▶ **What you will do**: Copying nothing before it, reproduce the line that holds "Violinist with long" and every line after it in the data, exactly.

(Short text fragments from websites)
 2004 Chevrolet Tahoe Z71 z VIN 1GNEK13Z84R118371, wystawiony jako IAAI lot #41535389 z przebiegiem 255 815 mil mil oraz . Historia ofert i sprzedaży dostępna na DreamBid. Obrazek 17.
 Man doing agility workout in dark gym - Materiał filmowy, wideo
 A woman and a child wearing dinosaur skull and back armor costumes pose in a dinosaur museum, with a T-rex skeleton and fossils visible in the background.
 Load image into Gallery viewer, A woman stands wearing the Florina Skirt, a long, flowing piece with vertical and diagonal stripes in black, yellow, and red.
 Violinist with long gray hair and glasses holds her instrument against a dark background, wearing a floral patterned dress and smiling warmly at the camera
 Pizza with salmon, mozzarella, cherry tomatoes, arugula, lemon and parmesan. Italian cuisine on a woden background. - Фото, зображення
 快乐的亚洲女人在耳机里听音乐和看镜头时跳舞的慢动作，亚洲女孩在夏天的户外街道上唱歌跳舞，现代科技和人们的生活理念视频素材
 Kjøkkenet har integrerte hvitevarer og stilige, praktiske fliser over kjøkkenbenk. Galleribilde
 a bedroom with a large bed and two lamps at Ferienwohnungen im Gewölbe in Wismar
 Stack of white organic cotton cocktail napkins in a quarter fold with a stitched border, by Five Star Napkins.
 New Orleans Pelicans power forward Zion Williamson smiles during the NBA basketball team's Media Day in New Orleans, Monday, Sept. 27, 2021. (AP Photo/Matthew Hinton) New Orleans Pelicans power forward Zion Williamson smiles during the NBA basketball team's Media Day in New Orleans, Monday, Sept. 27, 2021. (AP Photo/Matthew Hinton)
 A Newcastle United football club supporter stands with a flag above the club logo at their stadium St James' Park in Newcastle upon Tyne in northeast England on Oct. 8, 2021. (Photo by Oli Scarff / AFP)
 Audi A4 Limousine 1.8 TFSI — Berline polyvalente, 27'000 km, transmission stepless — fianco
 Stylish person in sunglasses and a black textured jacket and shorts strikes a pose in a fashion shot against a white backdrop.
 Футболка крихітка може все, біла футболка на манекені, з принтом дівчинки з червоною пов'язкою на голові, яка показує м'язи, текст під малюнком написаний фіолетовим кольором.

▶ **Written response**:
 Violinist with long gray hair and glasses holds her instrument against a dark background, wearing a floral patterned dress and smiling warmly at the camera
 Pizza with salmon, mozzarella, cherry tomatoes, arugula, lemon and parmesan. Italian cuisine on a woden background. - Фото, зображення
 快乐的亚洲女人在耳机里听音乐和看镜头时跳舞的慢动作，亚洲女孩在夏天的户外街道上唱歌跳舞，现代科技和人们的生活理念视频素材
 Kjøkkenet har integrerte hvitevarer og stilige, praktiske fliser over kjøkkenbenk. Galleribilde
 a bedroom with a large bed and two lamps at Ferienwohnungen im Gewölbe in Wismar
 Stack of white organic cotton cocktail napkins in a quarter fold with a stitched border, by Five Star Napkins.
 New Orleans Pelicans power forward Zion Williamson smiles during the NBA basketball team's Media Day in New Orleans, Monday, Sept. 27, 2021. (AP Photo/Matthew Hinton) New Orleans Pelicans power forward Zion Williamson smiles during the NBA basketball team's Media Day in New Orleans, Monday, Sept. 27, 2021. (AP Photo/Matthew Hinton)
 A Newcastle United football club supporter stands with a flag above the club logo at their stadium St James' Park in Newcastle upon Tyne in northeast England on Oct. 8, 2021. (Photo by Oli Scarff / AFP)
 Audi A4 Limousine 1.8 TFSI — Berline polyvalente, 27'000 km, transmission stepless — fianco
 Stylish person in sunglasses and a black textured jacket and shorts strikes a pose in a fashion shot against a white backdrop.
 Футболка крихітка може все, біла футболка на манекені, з принтом дівчинки з червоною пов'язкою на голові, яка показує м'язи, текст під малюнком написаний фіолетовим кольором.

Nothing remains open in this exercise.